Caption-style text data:
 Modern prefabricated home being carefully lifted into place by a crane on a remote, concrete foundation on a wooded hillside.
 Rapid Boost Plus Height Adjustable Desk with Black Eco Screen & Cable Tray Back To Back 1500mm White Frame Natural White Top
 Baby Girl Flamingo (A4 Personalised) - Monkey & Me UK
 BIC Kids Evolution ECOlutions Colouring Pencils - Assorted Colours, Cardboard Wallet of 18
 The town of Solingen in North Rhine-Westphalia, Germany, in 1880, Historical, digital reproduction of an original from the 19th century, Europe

> [Assignment]
Restate the data verbatim through the "Rapid Boost Plus" line.

> [Exercise response]
 Modern prefabricated home being carefully lifted into place by a crane on a remote, concrete foundation on a wooded hillside.
 Rapid Boost Plus Height Adjustable Desk with Black Eco Screen & Cable Tray Back To Back 1500mm White Frame Natural White Top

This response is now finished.